This is a guest post from Ramón Lastres Guerrero, Backend Team Lead @ GameAnalytics
Managing a large amount of data is no easy feat, especially when you have a rapidly increasing user base. At GameAnalytics, our user base has grown several times over in the past 12 months, and this growth has promoted us to rethink our user experience analytics system.
GameAnalytics is a popular and free cross-platform tool that helps developers refine their games by making informed changes based on data. Inside the platform, users can see all of the most important KPIs about their titles, including metrics such as ARPPU, retention, conversion, and more. A small backend team manages the core infrastructure behind our product, which is broadly divided among a few areas: ingestion, storage, annotation, analysis, and API access. We run most of our infrastructure in AWS.
Life before Druid
Our raw data (JSON events) is delivered and stored in AWS S3. This data is not easily consumable by downstream systems in its preprocessed form, so we enrich and annotate it before it enters our primary analytics system.

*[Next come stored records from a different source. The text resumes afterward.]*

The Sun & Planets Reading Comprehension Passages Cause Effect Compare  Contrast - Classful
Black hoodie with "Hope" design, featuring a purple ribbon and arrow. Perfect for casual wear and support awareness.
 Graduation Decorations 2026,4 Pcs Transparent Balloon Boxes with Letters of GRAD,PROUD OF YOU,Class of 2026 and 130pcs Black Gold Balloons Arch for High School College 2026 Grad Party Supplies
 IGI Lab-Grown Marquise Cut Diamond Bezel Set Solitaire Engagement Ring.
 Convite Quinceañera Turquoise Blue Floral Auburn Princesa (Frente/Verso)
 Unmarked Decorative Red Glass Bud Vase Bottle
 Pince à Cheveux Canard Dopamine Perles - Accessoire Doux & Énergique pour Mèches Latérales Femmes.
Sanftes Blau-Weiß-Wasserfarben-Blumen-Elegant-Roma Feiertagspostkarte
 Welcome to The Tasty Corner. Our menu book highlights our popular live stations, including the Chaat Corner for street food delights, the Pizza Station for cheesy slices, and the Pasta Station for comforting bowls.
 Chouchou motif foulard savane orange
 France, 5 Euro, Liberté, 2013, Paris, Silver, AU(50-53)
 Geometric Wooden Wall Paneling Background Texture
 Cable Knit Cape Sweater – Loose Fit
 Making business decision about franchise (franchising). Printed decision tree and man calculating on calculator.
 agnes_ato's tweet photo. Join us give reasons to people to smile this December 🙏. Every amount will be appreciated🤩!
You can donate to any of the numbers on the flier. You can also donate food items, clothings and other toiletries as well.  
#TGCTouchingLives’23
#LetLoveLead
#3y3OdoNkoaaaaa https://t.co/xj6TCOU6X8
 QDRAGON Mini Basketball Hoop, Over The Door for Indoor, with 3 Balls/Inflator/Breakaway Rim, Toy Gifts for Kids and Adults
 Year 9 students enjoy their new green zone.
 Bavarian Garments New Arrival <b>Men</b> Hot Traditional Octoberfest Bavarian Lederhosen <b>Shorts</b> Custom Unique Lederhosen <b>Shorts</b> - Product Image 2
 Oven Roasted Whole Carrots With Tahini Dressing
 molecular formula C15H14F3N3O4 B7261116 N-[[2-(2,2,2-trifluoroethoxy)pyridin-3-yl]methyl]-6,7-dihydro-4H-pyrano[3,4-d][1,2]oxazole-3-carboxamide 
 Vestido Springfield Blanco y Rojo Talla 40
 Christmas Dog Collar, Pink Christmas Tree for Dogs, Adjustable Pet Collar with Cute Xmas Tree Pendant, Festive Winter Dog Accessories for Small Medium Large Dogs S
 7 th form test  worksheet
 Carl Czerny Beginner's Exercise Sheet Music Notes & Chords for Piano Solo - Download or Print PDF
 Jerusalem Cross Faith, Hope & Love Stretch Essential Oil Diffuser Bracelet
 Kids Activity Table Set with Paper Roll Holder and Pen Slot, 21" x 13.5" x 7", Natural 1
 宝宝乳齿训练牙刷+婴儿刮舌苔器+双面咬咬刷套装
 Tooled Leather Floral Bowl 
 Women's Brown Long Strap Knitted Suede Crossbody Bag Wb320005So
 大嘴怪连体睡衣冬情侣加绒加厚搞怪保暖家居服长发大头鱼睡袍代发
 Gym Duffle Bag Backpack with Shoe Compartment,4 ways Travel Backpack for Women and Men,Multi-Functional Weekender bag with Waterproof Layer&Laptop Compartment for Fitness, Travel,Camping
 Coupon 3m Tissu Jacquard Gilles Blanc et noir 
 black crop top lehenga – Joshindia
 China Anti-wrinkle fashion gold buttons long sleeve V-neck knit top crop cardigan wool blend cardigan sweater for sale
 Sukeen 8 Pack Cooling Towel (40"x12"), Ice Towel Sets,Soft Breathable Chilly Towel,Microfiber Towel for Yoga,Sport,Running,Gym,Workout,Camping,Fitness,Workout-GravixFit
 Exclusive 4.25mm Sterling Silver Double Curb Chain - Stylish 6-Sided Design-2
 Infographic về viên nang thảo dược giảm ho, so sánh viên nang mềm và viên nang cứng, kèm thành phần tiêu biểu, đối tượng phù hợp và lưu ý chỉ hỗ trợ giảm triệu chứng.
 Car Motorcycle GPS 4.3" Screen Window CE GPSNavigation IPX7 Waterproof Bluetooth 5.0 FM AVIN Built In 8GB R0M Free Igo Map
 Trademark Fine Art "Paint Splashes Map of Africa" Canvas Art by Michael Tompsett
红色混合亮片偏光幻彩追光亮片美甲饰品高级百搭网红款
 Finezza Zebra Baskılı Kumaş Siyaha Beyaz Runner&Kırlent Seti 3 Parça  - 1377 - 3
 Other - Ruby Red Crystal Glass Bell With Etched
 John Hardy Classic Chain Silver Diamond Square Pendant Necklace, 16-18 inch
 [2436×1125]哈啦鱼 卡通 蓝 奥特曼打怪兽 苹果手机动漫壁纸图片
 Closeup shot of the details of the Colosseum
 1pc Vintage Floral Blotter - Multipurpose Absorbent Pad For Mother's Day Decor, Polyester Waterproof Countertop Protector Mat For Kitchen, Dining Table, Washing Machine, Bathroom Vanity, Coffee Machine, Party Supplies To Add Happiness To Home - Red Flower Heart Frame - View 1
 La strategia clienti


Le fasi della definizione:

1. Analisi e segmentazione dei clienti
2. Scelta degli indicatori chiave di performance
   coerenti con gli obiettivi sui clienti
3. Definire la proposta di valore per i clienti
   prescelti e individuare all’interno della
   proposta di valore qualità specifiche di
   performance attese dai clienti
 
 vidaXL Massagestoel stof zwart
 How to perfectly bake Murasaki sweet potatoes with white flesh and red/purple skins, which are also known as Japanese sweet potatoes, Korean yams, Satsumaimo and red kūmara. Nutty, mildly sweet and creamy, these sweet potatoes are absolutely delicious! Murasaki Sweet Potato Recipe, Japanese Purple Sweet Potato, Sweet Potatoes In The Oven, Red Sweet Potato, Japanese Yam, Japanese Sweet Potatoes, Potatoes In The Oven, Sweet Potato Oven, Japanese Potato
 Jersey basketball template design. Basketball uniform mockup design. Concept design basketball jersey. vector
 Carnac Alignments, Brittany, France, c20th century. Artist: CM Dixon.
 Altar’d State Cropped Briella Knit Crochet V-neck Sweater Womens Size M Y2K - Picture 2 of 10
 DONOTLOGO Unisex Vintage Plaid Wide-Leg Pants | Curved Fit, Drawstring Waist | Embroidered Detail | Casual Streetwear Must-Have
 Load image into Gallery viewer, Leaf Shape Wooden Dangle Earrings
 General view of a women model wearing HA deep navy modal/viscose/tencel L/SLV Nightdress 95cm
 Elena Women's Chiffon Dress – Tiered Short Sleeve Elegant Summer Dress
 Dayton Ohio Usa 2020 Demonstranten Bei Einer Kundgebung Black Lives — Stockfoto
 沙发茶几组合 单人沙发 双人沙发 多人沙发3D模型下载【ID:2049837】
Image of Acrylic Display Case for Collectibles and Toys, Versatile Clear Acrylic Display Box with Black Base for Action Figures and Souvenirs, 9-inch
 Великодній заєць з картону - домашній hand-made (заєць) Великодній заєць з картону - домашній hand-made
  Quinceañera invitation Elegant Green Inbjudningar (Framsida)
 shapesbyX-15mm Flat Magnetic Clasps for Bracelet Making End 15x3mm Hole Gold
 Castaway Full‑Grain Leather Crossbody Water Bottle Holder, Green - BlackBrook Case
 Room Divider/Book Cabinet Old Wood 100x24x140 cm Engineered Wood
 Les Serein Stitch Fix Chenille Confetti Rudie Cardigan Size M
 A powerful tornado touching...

Our original analytics system relied on 2 primary sub-systems: a homegrown Erlang/OTP system for real-time queries, and DynamoDB for historical queries. Our homegrown system utilized a MapReduce-like framework for computing results for real-time queries (data in the past 24 hours), and it was also responsible for creating a set of pre-computed results to store in DynamoDB. Although this setup was able to provide low latency queries through pre-computed results and functioned fine for a period of time, many difficulties began surfacing as we scaled.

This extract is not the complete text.